Extensive answers and links are appreciated.

Thanks.
Anton.

#2Volkan YAZICI
yazicivo@ttmail.com
In reply to: Anton Belyaev (#1)
Re: R-tree, order by, limit

On Sun, 21 Sep 2008, "Anton Belyaev" <anton.belyaev@gmail.com> writes:

SELECT * FROM towns where alt1 <= alt <= alt2 AND long1 <= long <=
long2 ORDER BY population LIMIT 10;

You're absolutely on the wrong path. Don't try to implement a logic,
that has been implemented by PostgreSQL in the most possibly efficient
way in its bounds. See geographic data types[1]http://www.postgresql.org/docs/current/interactive/datatype-geometric.html (e.g. box) and
geographic functions[2]http://www.postgresql.org/docs/current/interactive/functions-geometry.html (e.g. @> a.k.a contains).

Regards.

[1]: http://www.postgresql.org/docs/current/interactive/datatype-geometric.html
[2]: http://www.postgresql.org/docs/current/interactive/functions-geometry.html

#3Anton Belyaev
anton.belyaev@gmail.com
In reply to: Volkan YAZICI (#2)
Re: R-tree, order by, limit

2008/9/21 Volkan YAZICI <yazicivo@ttmail.com>:

On Sun, 21 Sep 2008, "Anton Belyaev" <anton.belyaev@gmail.com> writes:

SELECT * FROM towns where alt1 <= alt <= alt2 AND long1 <= long <=
long2 ORDER BY population LIMIT 10;

You're absolutely on the wrong path. Don't try to implement a logic,
that has been implemented by PostgreSQL in the most possibly efficient
way in its bounds.
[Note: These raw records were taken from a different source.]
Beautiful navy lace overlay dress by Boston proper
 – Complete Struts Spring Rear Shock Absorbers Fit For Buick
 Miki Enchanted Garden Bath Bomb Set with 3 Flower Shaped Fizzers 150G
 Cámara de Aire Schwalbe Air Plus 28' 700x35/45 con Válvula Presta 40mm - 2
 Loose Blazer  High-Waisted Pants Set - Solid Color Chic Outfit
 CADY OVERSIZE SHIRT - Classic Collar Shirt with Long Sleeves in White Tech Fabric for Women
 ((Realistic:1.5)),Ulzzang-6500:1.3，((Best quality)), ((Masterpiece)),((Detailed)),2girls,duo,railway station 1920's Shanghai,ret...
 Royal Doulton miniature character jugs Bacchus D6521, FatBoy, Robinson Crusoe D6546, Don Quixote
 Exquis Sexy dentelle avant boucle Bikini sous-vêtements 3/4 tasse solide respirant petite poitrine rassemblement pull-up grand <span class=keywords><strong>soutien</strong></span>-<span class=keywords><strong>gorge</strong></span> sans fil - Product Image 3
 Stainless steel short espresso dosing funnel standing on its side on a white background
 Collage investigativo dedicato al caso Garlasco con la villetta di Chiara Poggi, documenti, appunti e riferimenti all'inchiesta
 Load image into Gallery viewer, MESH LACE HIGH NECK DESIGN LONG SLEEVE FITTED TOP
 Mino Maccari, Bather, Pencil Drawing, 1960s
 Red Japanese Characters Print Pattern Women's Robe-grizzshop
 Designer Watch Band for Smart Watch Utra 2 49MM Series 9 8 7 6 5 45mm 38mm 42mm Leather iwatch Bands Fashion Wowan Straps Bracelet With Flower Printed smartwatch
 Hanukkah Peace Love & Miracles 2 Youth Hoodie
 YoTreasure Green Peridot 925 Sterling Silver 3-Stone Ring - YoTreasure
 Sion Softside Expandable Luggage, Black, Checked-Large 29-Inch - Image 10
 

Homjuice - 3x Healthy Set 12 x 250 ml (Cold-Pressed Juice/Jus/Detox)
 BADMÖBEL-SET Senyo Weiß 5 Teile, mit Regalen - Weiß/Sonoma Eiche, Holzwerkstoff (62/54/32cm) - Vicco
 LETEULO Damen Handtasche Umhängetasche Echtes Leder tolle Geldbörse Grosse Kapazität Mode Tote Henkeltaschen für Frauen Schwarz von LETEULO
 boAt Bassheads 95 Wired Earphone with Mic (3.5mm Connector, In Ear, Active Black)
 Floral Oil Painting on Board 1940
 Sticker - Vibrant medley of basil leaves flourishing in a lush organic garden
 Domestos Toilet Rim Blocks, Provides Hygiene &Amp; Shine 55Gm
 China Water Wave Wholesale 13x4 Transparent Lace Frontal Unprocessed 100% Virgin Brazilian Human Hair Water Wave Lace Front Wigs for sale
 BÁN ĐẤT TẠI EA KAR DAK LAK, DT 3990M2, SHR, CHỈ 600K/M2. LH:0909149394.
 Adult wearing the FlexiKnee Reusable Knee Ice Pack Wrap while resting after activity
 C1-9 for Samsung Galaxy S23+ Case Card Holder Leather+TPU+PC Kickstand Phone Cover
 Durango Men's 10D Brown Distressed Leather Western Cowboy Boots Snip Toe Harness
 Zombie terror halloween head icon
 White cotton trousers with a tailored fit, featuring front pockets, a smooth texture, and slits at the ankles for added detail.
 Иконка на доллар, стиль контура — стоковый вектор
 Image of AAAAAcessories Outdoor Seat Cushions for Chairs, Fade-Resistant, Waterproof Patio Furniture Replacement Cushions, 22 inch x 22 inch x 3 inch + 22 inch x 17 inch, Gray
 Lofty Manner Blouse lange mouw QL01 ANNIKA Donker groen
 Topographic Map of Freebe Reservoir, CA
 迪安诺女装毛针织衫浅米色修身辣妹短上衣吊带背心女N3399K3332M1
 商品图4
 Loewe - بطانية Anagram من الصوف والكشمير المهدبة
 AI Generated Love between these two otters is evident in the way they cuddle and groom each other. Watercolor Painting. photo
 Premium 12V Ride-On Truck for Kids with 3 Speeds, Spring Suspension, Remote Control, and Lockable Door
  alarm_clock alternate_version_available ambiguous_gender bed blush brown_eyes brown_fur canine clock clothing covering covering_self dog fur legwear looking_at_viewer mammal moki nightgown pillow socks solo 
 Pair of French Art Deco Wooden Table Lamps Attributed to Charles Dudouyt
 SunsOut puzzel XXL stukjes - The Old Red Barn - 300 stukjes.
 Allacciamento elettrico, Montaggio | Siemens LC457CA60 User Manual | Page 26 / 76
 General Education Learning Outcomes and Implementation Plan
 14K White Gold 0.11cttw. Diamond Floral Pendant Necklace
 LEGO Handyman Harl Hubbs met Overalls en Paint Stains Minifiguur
See geographic data types[1] (e.g. box) and
geographic functions[2] (e.g. @> a.k.a contains).

Regards.

[1] http://www.postgresql.org/docs/current/interactive/datatype-geometric.html
[2] http://www.postgresql.org/docs/current/interactive/functions-geometry.html

Volkan,
Thanks you for your reply.
Geometry types and functions use R-tree indexes anyways.

I can rephrase the query using geometry language of Postgres:
SELECT * FROM towns WHERE towns.coordinates <@ box(alt1, long1, alt2,
long2) ORDER BY population LIMIT 10;

And the questions about population remain the same:
How to avoid examination of all the towns in the rectangle knowing
that we need only 10 biggest?
Does population worth including into a (3D) point (In order to create
a 3D R-tree)? Does Postgres perform ODRER/LIMIT efficiently in this
case?

Thanks.
Anton.

#4Anton Belyaev
anton.belyaev@gmail.com
In reply to: Anton Belyaev (#1)
Re: R-tree, order by, limit

2008/9/21 Anton Belyaev <anton.belyaev@gmail.com>:

Hello,

I am implementing a map application. There are towns with altitude,
longitude and population.
One of the tasks is to be able to query N biggest (by population)
towns within a rectangle.

Something like (maybe the syntax in not quite right, but the idea is obvious):
SELECT * FROM towns where alt1 <= alt <= alt2 AND long1 <= long <=
long2 ORDER BY population LIMIT 10;

If I create an R-tree index on coordinates (alt, long) this will speed
up the query significantly. But it is still far from optimal: Despite
we need only 10 biggest towns, all towns in the rectangle specified
will be examined.

What if we include population into R-tree index? This index will
handle a 3D space with coordinates (alt, long, population).
Will this 3D index perform better than that 2D index?

In fact, I lack some details on how Postges handles ORDER_BY and LIMIT
inside R-tree indexes.
Extensive answers and links are appreciated.

Thanks.
Anton.

Sorry, I meant latitude (lat) instead of altitude (alt).

#5Martijn van Oosterhout
kleptog@svana.org
In reply to: Anton Belyaev (#3)
Re: R-tree, order by, limit

On Sun, Sep 21, 2008 at 06:17:39PM +0400, Anton Belyaev wrote:

Geometry types and functions use R-tree indexes anyways.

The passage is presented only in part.